Computational exploration of Cs2LiMoX6 (X=Cl, I) halide double perovskites: Unveiling energy storage potentials

Abstract

Density functional theory (DFT) simulations were conducted to investigate the physical characteristics of materials Cs2LiMoCl6 and Cs2LiMoI6. The magnetic and electronic features were examined using the Perdew, Burke, and Ernzerhof generalized-gradient approximation (PBE-GGA). Confirmation of the semiconductor behavior was attained through the spin-resolved density of states (DOS) and band structure (BS) plots.
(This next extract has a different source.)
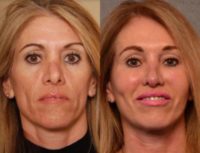 45-54 Year Old Woman Treated with Facelift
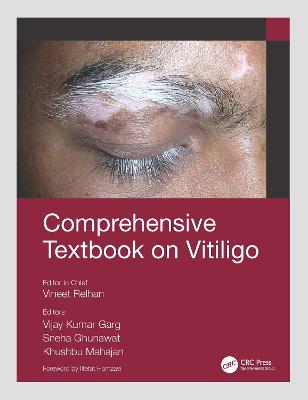 Comprehensive Textbook on Vitiligo - Relhan, Vineet (Editor), and Garg, Vijay Kumar (Editor), and Ghunawat, Sneha (Editor)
In this investigation, the computed band gap (Eg) values for Cs2LiMoI6 are identified as 0.96 eV in the spin-down channel and 1.76 eV in the spin-up channel. Likewise, for Cs2LiMoCl6, the Eg is determined to be 3.35 eV in the spin-down channel and 1.63 eV in the spin-up channel. From magnetic characteristics, the magnetic moments (μB) of 3.02436 μB and 3.00332 μB are calculated for Cs2LiMoCl6 and Cs2LiMoI6, respectively. The ferromagnetic (FM) nature is observed from the integral values of the magnetic moment. The Mo-4d-t2g orbitals play a pivotal role in determining the magnetic properties observed in perovskite materials. The study also explored optical properties, and the values of ε1(ω) at zero energy are approximately 4.84 and 3.20 for Cs2LiMoI6 and Cs2LiMoCl6, respectively. The maximum values of σ(ω) are observed to be 4631 (Ω cm)−1 and 3618 (Ω cm)−1 at 6.24 eV and 8 eV for Cs2LiMoI6 and Cs2LiMoCl6, respectively, signifying their suitability to the UV light region. Overall, these findings suggest the suitability of both materials for photovoltaics and other related applications.